>>>

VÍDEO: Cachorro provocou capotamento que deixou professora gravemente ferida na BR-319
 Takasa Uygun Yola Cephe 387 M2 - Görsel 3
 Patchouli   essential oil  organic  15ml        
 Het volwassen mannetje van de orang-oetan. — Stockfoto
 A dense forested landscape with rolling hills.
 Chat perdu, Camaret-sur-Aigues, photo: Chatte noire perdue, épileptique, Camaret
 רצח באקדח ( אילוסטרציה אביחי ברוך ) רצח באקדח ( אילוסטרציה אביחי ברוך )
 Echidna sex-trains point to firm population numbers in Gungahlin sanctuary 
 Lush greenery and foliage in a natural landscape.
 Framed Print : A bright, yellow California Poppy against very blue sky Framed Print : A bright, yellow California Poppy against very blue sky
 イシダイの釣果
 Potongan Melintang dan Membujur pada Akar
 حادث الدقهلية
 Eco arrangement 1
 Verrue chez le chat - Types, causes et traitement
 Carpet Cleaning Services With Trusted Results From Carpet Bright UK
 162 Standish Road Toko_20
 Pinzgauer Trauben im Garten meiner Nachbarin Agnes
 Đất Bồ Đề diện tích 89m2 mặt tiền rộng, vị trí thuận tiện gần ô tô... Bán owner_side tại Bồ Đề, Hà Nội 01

<<<

▶ Aim of the task
Write out every line of the material again, exactly as it reads.

▶ Exercise result
VÍDEO: Cachorro provocou capotamento que deixou professora gravemente ferida na BR-319
 Takasa Uygun Yola Cephe 387 M2 - Görsel 3
 Patchouli   essential oil  organic  15ml        
 Het volwassen mannetje van de orang-oetan. — Stockfoto
 A dense forested landscape with rolling hills.
 Chat perdu, Camaret-sur-Aigues, photo: Chatte noire perdue, épileptique, Camaret
 רצח באקדח ( אילוסטרציה אביחי ברוך ) רצח באקדח ( אילוסטרציה אביחי ברוך )
 Echidna sex-trains point to firm population numbers in Gungahlin sanctuary 
 Lush greenery and foliage in a natural landscape.
 Framed Print : A bright, yellow California Poppy against very blue sky Framed Print : A bright, yellow California Poppy against very blue sky
 イシダイの釣果
 Potongan Melintang dan Membujur pada Akar
 حادث الدقهلية
 Eco arrangement 1
 Verrue chez le chat - Types, causes et traitement
 Carpet Cleaning Services With Trusted Results From Carpet Bright UK
 162 Standish Road Toko_20
 Pinzgauer Trauben im Garten meiner Nachbarin Agnes
 Đất Bồ Đề diện tích 89m2 mặt tiền rộng, vị trí thuận tiện gần ô tô... Bán owner_side tại Bồ Đề, Hà Nội 01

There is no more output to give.